Your task: The response must consist of the lines below from the one with "Polícia Militar apreende" through the one with "Transat bébé bliss mesh gris-beige Babybjorn", exactly as they appear and with both ends kept.

Data in this exercise:
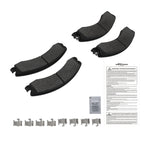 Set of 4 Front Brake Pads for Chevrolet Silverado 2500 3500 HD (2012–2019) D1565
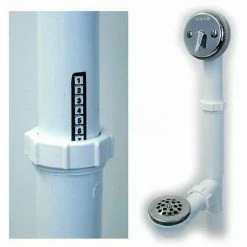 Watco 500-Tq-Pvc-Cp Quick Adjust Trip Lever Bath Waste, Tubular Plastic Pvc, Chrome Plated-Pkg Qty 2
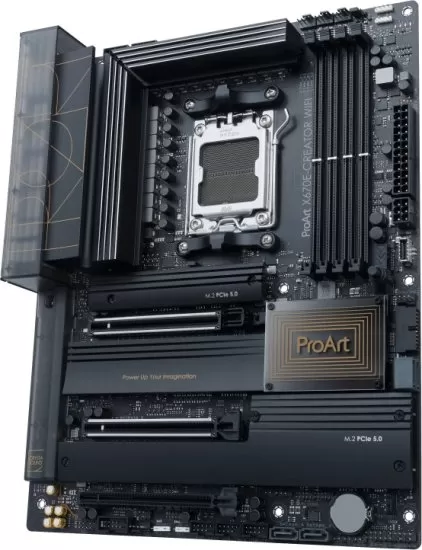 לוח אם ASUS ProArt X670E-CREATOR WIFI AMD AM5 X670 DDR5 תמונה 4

--

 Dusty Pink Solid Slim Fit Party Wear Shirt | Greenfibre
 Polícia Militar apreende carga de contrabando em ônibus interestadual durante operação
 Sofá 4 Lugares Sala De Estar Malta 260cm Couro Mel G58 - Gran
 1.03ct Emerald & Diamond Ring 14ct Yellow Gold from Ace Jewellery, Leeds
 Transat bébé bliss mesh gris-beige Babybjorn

---

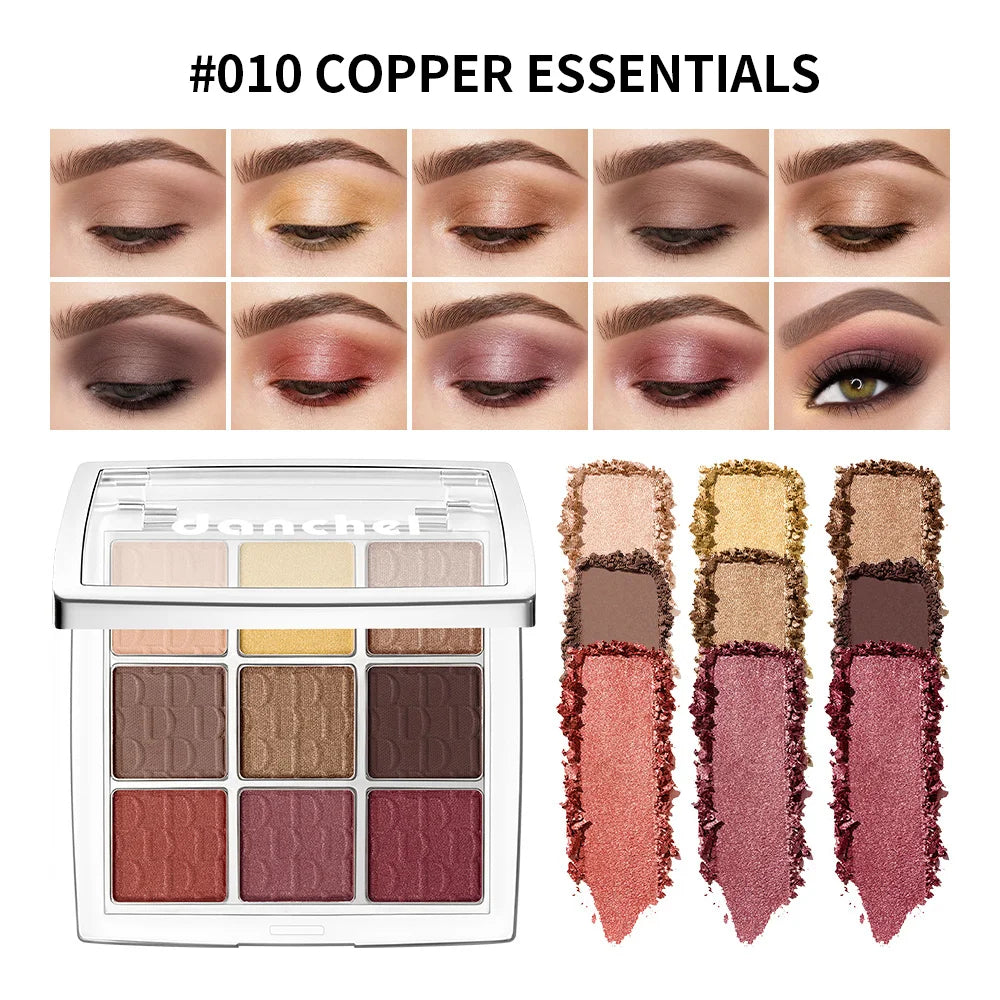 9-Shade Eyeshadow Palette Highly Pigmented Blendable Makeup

Written solution:
 Polícia Militar apreende carga de contrabando em ônibus interestadual durante operação
 Sofá 4 Lugares Sala De Estar Malta 260cm Couro Mel G58 - Gran
 1.03ct Emerald & Diamond Ring 14ct Yellow Gold from Ace Jewellery, Leeds
 Transat bébé bliss mesh gris-beige Babybjorn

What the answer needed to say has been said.